> [Task to carry out] Each record that follows is to be transcribed exactly, excluding its images.

Start of Supplied information

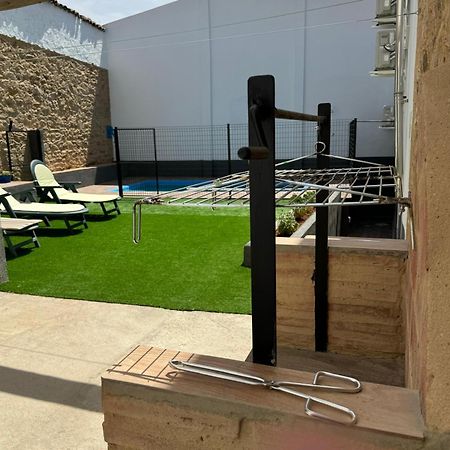 Casa Rural La Carriona Segura de León Kültér fotó
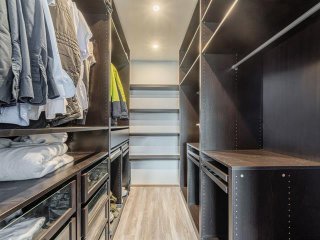 Walk-in closet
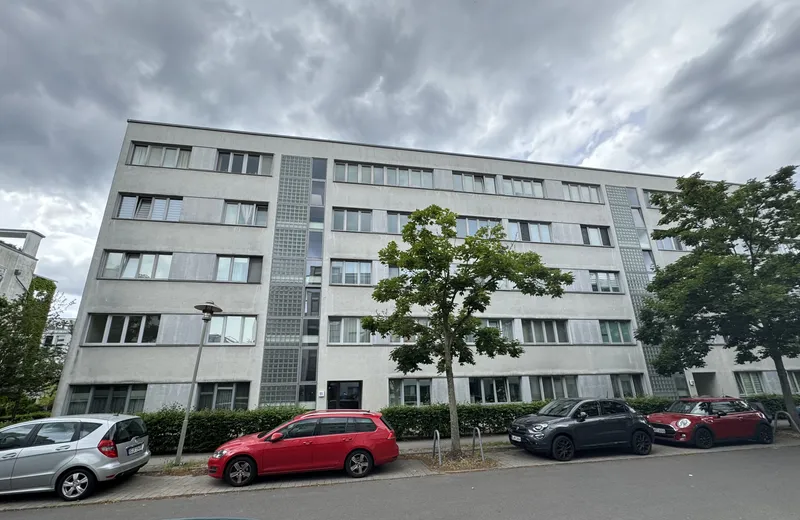 +++ Stilvolle 3-Zimmer in Spandau nähe Wasser mit Einbauküche & Balkon +++ — photo 1
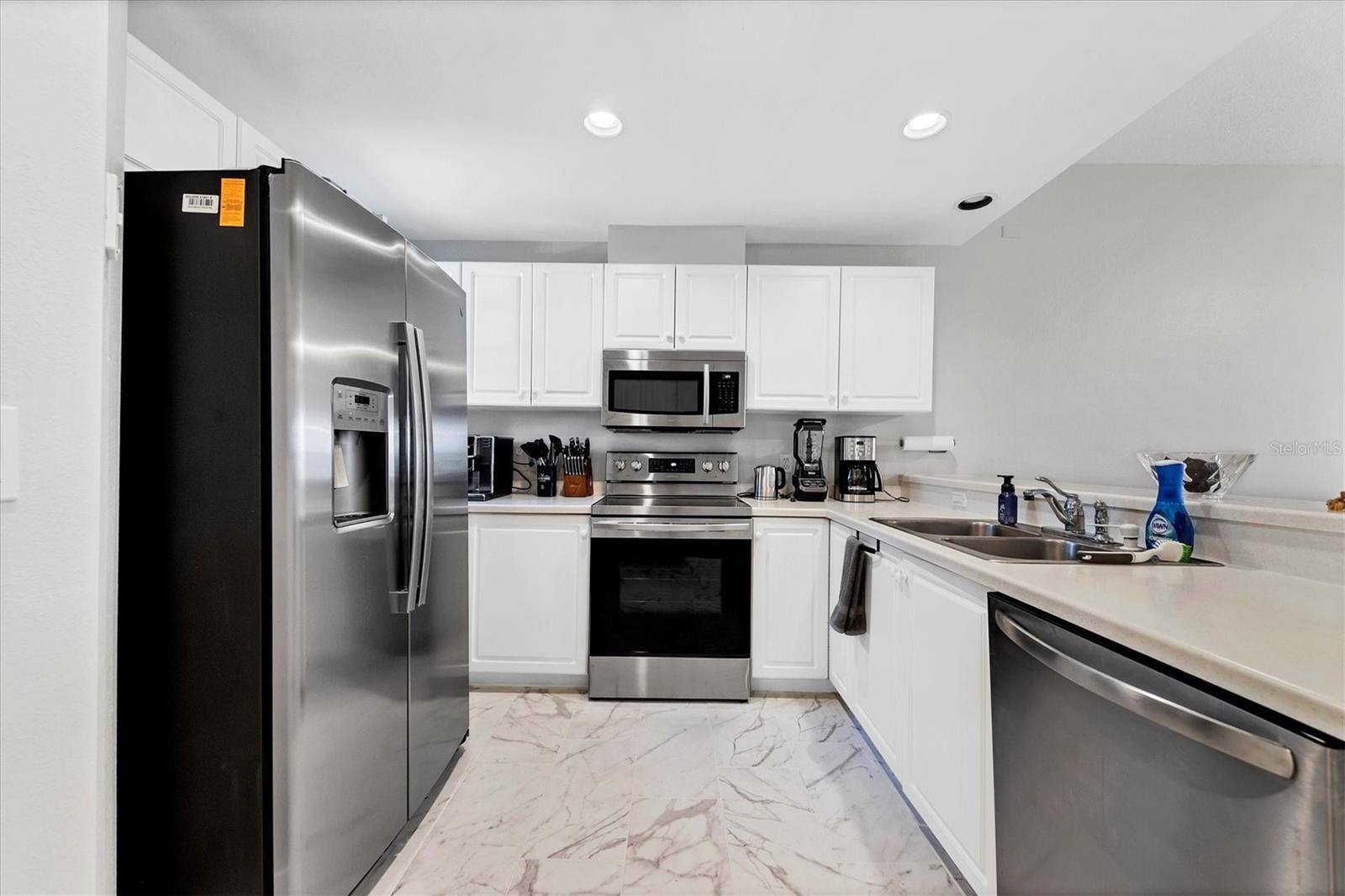 Image 13 of 22 For 3706 54th Drive W 102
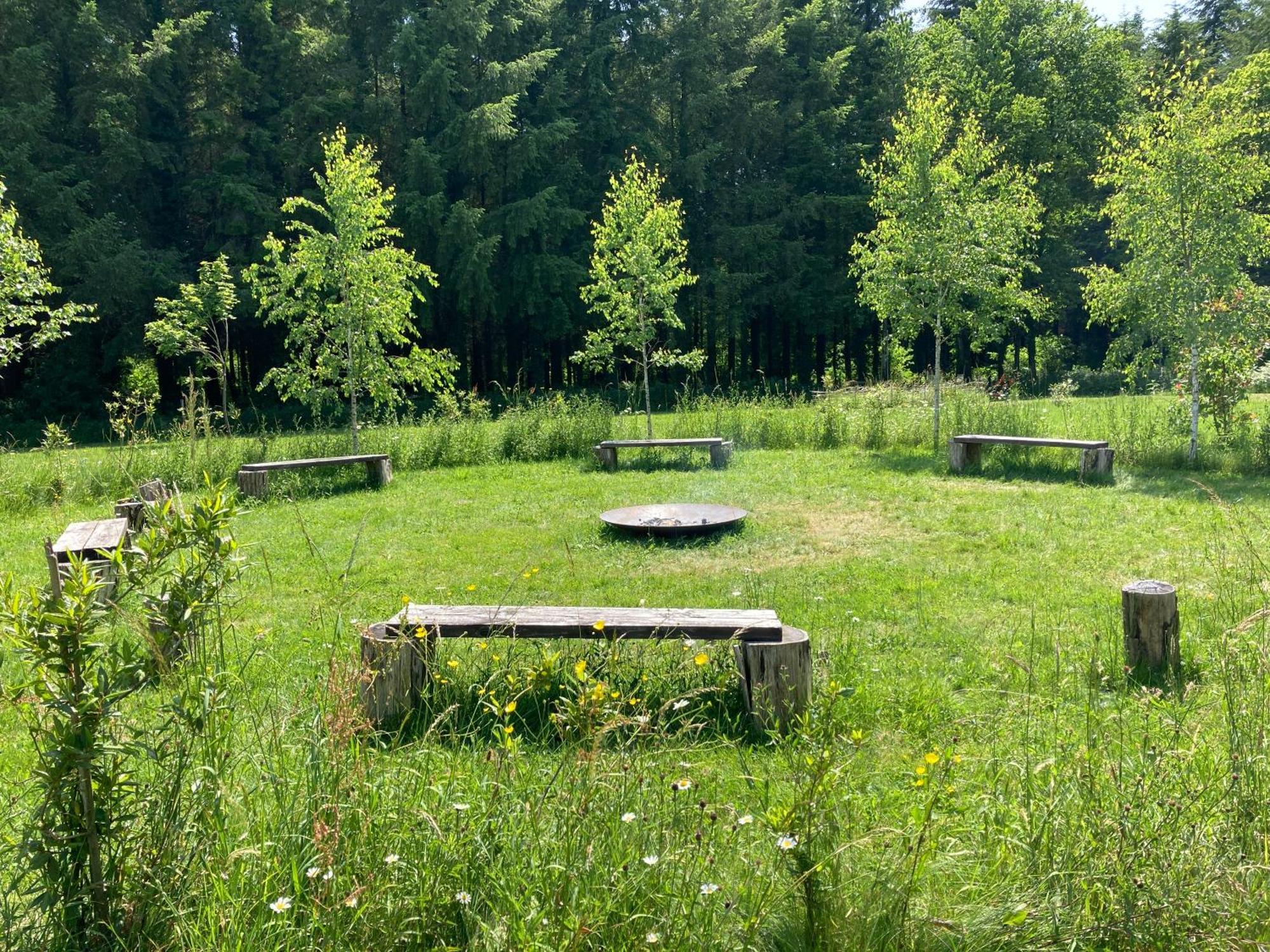 Hotel Au Pre Fleuri Eco Glamping à Le Lindois Extérieur photo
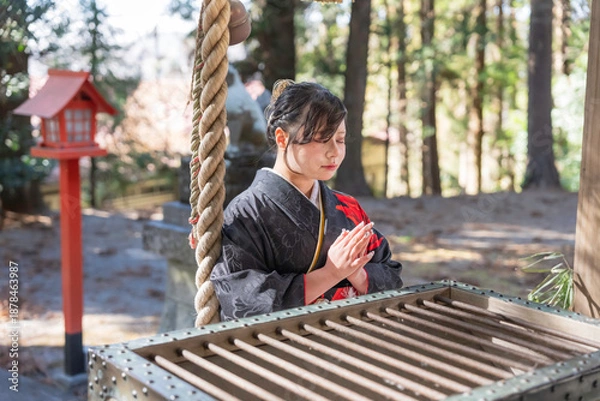 Obraz 神社でお参りする着物姿の女性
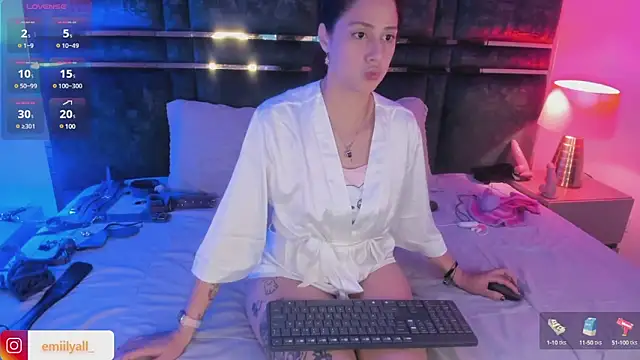 Snapshot of EmilyAllen_ chatting on 02/27/25, 05:24 EmilyAllen online show from 02/27/25, 05:24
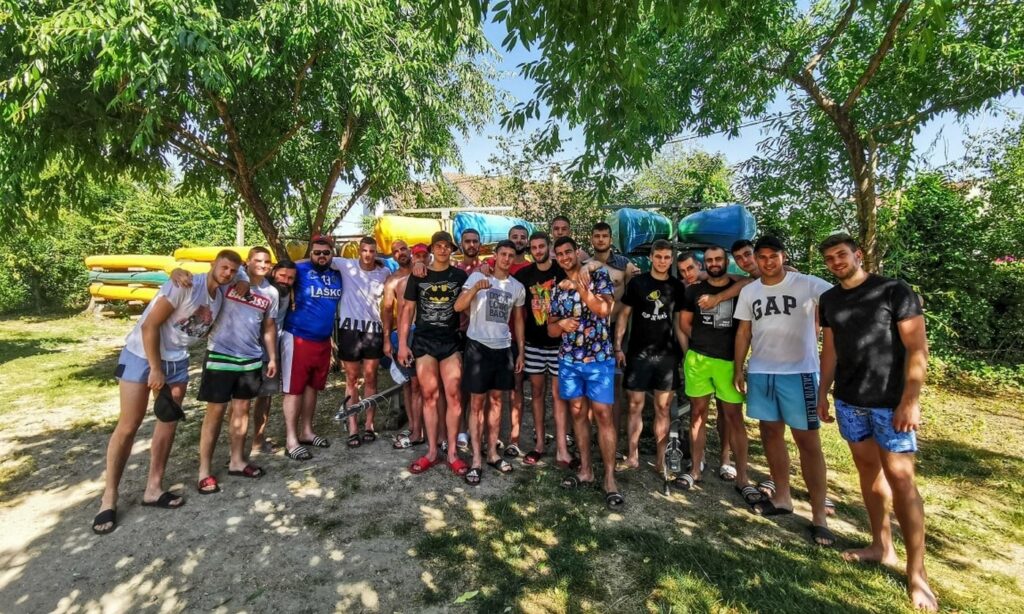 „Skauti“ proveli dan na Canoe Safari na rijeci Trebižat – FOTO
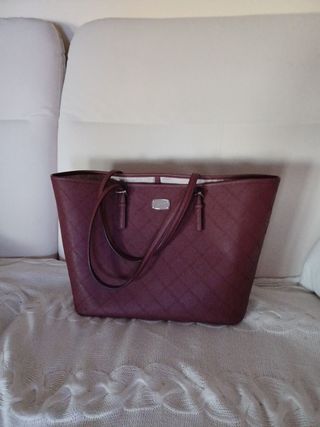Precioso bolso Michael Kors color vino de segunda mano por 80 EUR en  Majadahonda en WALLAPOP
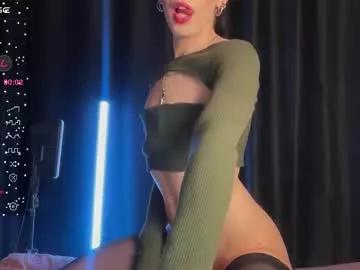 cam to cam sexiness with Girls streamers. Explore the newest collection of intense camshows from our capable horny hosts.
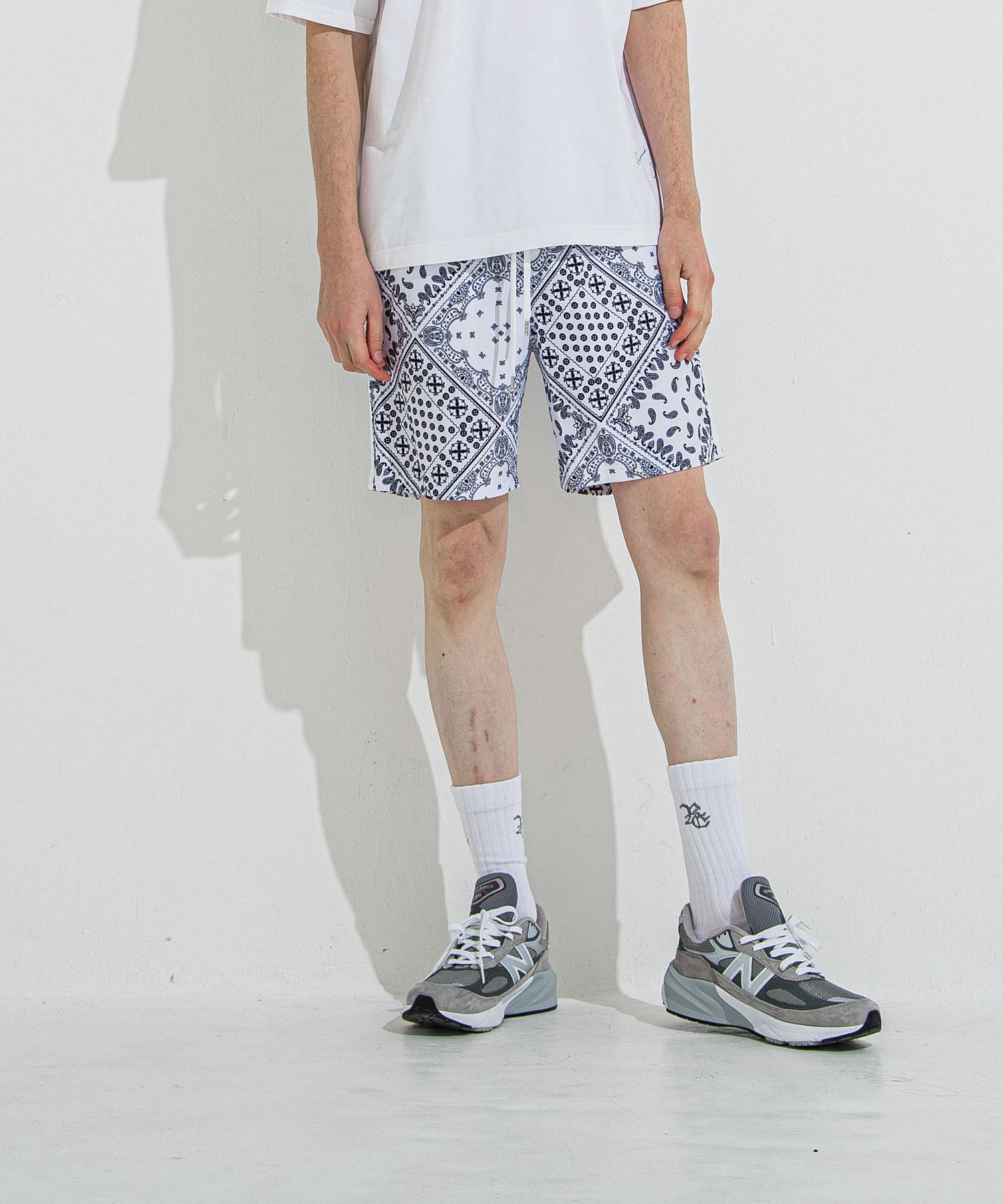 RUSH SHORTS / ラッシュガード バンダナ柄 ショートパンツ (ホワイト) (5月末入荷予定) ※オーダー締切:2月15日(日)18時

End of Supplied information

> [Written answer]
 Casa Rural La Carriona Segura de León Kültér fotó
 Walk-in closet
 +++ Stilvolle 3-Zimmer in Spandau nähe Wasser mit Einbauküche & Balkon +++ — photo 1
 Image 13 of 22 For 3706 54th Drive W 102
 Hotel Au Pre Fleuri Eco Glamping à Le Lindois Extérieur photo
 Obraz 神社でお参りする着物姿の女性
 Snapshot of EmilyAllen_ chatting on 02/27/25, 05:24 EmilyAllen online show from 02/27/25, 05:24
 „Skauti“ proveli dan na Canoe Safari na rijeci Trebižat – FOTO
Precioso bolso Michael Kors color vino de segunda mano por 80 EUR en  Majadahonda en WALLAPOP
 cam to cam sexiness with Girls streamers. Explore the newest collection of intense camshows from our capable horny hosts.
 RUSH SHORTS / ラッシュガード バンダナ柄 ショートパンツ (ホワイト) (5月末入荷予定) ※オーダー締切:2月15日(日)18時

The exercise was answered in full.